O pseudoconhecimento, num andamento “convencional” de uma relação humana, vai desaparecendo, à medida que a intimidade amplia. Mas esse processo nunca chega ao seu fim, porque a pessoa que melhor alcança a intimidade de outra é esta própria. Eu sou quem mais me conhece. Aquele conhecimento primeiro, que dava motivo ao fetiche, tem tendência a desaparecer, portanto, ao longo do tempo. A idealização se vai em grande parte. De maneira que, não raro, a relação termina... Isso ocorre na medida em que desaparecem muitos dos grandes fetiches que a sustentavam, posto que a felicidade vinha deles mesmos.

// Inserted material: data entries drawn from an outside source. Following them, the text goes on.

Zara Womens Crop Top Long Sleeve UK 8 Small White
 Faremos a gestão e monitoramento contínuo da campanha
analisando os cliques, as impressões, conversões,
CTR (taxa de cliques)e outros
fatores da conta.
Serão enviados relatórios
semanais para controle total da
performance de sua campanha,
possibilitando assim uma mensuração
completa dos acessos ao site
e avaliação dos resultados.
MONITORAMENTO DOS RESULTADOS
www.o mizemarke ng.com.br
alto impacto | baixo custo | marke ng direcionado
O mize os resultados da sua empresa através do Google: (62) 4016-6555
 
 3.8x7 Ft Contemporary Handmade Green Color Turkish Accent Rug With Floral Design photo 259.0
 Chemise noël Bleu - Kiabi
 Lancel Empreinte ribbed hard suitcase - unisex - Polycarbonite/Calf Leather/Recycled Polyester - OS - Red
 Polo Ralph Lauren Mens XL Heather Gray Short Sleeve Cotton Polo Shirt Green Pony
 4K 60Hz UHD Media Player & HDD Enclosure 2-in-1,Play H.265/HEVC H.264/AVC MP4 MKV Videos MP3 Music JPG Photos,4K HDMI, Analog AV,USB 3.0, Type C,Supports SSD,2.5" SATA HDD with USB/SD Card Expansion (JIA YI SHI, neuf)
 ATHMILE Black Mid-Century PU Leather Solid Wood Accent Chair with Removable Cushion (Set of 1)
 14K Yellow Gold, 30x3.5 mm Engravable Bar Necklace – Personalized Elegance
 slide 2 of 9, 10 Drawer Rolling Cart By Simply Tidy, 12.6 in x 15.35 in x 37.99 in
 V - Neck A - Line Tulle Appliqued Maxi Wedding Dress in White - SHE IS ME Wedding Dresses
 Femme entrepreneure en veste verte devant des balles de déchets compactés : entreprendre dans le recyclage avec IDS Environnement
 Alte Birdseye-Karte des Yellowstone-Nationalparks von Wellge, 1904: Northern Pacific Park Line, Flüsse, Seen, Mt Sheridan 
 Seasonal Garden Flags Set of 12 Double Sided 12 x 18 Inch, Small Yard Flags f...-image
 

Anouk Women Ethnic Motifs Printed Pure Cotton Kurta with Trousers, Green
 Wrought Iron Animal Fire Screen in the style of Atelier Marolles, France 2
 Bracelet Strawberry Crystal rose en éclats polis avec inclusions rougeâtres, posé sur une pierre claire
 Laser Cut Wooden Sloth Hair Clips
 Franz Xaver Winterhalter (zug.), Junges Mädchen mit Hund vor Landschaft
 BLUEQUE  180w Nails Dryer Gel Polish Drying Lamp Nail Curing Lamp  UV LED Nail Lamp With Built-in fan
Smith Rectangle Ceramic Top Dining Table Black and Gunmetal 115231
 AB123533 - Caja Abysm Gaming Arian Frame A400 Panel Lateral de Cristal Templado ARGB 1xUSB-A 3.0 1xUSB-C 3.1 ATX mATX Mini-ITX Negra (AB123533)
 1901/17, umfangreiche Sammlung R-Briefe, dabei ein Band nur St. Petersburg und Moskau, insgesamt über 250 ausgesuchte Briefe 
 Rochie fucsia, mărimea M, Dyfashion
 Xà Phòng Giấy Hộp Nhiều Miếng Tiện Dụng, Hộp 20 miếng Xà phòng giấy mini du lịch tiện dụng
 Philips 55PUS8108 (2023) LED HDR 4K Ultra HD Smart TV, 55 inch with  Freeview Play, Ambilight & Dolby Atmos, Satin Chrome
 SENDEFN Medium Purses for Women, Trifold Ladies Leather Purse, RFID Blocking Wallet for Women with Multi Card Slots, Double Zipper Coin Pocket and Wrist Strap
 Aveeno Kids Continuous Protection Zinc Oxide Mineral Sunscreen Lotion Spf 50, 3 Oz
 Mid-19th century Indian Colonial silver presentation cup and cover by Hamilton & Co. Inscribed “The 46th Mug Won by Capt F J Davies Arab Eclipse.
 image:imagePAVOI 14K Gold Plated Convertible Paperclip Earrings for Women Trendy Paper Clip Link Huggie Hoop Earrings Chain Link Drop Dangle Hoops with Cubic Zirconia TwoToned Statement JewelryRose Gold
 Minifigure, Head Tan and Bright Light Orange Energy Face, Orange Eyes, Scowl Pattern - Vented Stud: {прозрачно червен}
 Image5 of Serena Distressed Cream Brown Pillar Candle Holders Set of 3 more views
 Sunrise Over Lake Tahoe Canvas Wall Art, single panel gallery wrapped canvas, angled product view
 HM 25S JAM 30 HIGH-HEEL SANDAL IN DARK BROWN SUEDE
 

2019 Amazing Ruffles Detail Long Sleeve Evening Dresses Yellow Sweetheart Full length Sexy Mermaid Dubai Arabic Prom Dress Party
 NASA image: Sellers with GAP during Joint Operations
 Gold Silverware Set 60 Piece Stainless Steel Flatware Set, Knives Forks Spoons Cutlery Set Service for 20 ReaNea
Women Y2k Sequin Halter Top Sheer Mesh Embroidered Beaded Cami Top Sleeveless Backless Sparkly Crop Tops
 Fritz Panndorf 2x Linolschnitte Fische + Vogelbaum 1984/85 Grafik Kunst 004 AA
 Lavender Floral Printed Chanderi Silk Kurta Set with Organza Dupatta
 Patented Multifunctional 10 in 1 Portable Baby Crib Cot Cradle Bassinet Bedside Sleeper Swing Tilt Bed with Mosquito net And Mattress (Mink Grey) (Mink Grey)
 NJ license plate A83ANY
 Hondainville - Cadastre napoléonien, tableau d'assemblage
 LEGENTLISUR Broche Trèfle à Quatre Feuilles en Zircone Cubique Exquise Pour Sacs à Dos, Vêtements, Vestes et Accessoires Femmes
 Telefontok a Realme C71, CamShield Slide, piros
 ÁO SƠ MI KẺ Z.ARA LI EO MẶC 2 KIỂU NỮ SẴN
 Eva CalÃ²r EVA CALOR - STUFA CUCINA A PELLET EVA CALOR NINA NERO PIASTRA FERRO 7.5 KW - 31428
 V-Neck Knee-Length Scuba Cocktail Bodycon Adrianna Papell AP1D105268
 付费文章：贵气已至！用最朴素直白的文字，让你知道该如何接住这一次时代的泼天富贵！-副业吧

O fetiche é uma “circunstância” que elege a felicidade como soma de certo elemento supridor com certa necessidade, ou essas coisas no plural. As necessidades humanas, moldadas culturalmente e na vivência, não deixam de existir, a não ser no sentido de que mudam tão paulatina e constantemente quanto como foram formadas. Por isso, quando descubro que a relação com aquela pessoa não me satisfaz mais, é como se tivesse claro de que aquele objeto (pessoa e prática em relação a ela, como servi-la) não é mais o que supre determinada necessidade (eis o fim do fetiche); e esta forma (superação/saturação de objeto), é mais comum do que a mudança das necessidades, no que diz respeito a cada relação.
As relações propriamente humanas se sustentam principalmente pelo fetiche. Ora, isso é óbvio, afinal o conhecimento que temos a respeito de outro ser humano é sempre um conhecimento incompleto, é sempre um pseudoconhecimento. A relação maternal não é humana por excelência, mas quase universal entre os animais; as variações das paixões amorosas, embora tenham fundamentos biológicos primordiais, são modeladas culturalmente e pelo mundo. É assim que um beijo significa muito para aquelas paixões, mas o prazer desse gesto pode ser perdido logo que deixe de inédito; o prazer de estar com alguém idealizado pode sumir logo que se percebe que ele também é apenas um ser humano.
Diante da moldação cultural e dialética a que se submete as relações humanas, se pudesse dizer “verdadeiro” como sinônimo de “natural”, diria que os objetos verdadeiros que suprem as necessidades verdadeiras são aqueles animalescos, propriamente biológicos – sexuais, alimentícios, de abrigo... Da vivência deles, seus sucessos e frustrações, há felicidade e tristeza, assim como existe nos animais. Todavia, não se deve, para o ser humano, pôr “natural” como sinônimo de “verdadeiro”. Donde que não se deve dizer “falsas” as relações propriamente humanas somente por razão de elas se sustentarem em fetiches; senão, dever-se-ia chamar por falsos toda a cultura, todo o entendimento humano, por fim, tudo que é humano.
Não é que tudo o que é humano seja feito de fetiche, mas que o fetiche traz em si uma construção cotidiana, construção dialética com o mundo que rodeia; e assim também, conforme disse, os sentimentos. Os sentimentos, os fetiches, os pensamentos são, então, particulares em cada ser humano; suas afinidades são decorrentes da aculturação ou da semelhança regional e de vivência. P.ex., o amor no Brasil é uniformizado na monogamia, mas isso a que se chama de amor aqui, nasce em cada pessoa e também fora dela. Ocorre que naturalmente cada um tem uma base sentimental biológica a que se soma o processo interno de recepção do meio e recepção cultural (dos outros). Assim, não há amor; há amores. Cada ser humano se faz diferente dessa maneira.